═══ Records shown ═══

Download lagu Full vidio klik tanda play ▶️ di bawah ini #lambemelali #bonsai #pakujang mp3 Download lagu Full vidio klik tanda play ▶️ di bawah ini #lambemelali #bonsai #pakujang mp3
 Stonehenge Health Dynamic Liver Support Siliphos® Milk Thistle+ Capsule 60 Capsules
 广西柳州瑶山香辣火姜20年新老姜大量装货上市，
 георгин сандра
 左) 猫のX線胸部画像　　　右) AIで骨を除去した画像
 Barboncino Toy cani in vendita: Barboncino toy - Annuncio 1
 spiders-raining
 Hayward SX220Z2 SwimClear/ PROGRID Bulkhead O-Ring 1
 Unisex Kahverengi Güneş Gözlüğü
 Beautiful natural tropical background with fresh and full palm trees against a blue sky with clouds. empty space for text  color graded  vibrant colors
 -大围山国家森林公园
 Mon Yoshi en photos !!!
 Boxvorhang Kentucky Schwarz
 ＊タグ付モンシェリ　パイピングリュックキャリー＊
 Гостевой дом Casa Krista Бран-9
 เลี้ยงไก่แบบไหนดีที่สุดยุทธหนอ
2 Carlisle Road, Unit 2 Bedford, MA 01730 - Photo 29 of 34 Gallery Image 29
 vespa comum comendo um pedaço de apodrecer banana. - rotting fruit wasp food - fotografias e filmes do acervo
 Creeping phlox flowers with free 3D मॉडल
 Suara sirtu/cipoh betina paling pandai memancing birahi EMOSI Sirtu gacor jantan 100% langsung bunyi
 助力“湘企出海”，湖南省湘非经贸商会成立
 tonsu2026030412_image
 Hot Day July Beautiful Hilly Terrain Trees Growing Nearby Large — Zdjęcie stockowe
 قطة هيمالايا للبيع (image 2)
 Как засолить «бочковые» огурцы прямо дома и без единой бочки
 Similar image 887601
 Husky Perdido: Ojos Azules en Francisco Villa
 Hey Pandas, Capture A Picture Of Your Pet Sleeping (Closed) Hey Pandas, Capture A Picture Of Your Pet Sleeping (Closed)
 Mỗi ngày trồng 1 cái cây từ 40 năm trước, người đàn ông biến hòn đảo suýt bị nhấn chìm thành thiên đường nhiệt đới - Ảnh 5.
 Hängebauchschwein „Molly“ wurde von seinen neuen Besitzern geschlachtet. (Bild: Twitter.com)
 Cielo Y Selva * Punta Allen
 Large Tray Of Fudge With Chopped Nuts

═══

_Instructions for the task_: Please retype each entry above exactly as it is written.

_Reply_:
Download lagu Full vidio klik tanda play ▶️ di bawah ini #lambemelali #bonsai #pakujang mp3 Download lagu Full vidio klik tanda play ▶️ di bawah ini #lambemelali #bonsai #pakujang mp3
 Stonehenge Health Dynamic Liver Support Siliphos® Milk Thistle+ Capsule 60 Capsules
 广西柳州瑶山香辣火姜20年新老姜大量装货上市，
 георгин сандра
 左) 猫のX線胸部画像　　　右) AIで骨を除去した画像
 Barboncino Toy cani in vendita: Barboncino toy - Annuncio 1
 spiders-raining
 Hayward SX220Z2 SwimClear/ PROGRID Bulkhead O-Ring 1
 Unisex Kahverengi Güneş Gözlüğü
 Beautiful natural tropical background with fresh and full palm trees against a blue sky with clouds. empty space for text  color graded  vibrant colors
 -大围山国家森林公园
 Mon Yoshi en photos !!!
 Boxvorhang Kentucky Schwarz
 ＊タグ付モンシェリ　パイピングリュックキャリー＊
 Гостевой дом Casa Krista Бран-9
 เลี้ยงไก่แบบไหนดีที่สุดยุทธหนอ
2 Carlisle Road, Unit 2 Bedford, MA 01730 - Photo 29 of 34 Gallery Image 29
 vespa comum comendo um pedaço de apodrecer banana. - rotting fruit wasp food - fotografias e filmes do acervo
 Creeping phlox flowers with free 3D मॉडल
 Suara sirtu/cipoh betina paling pandai memancing birahi EMOSI Sirtu gacor jantan 100% langsung bunyi
 助力“湘企出海”，湖南省湘非经贸商会成立
 tonsu2026030412_image
 Hot Day July Beautiful Hilly Terrain Trees Growing Nearby Large — Zdjęcie stockowe
 قطة هيمالايا للبيع (image 2)
 Как засолить «бочковые» огурцы прямо дома и без единой бочки
 Similar image 887601
 Husky Perdido: Ojos Azules en Francisco Villa
 Hey Pandas, Capture A Picture Of Your Pet Sleeping (Closed) Hey Pandas, Capture A Picture Of Your Pet Sleeping (Closed)
 Mỗi ngày trồng 1 cái cây từ 40 năm trước, người đàn ông biến hòn đảo suýt bị nhấn chìm thành thiên đường nhiệt đới - Ảnh 5.
 Hängebauchschwein „Molly“ wurde von seinen neuen Besitzern geschlachtet. (Bild: Twitter.com)
 Cielo Y Selva * Punta Allen
 Large Tray Of Fudge With Chopped Nuts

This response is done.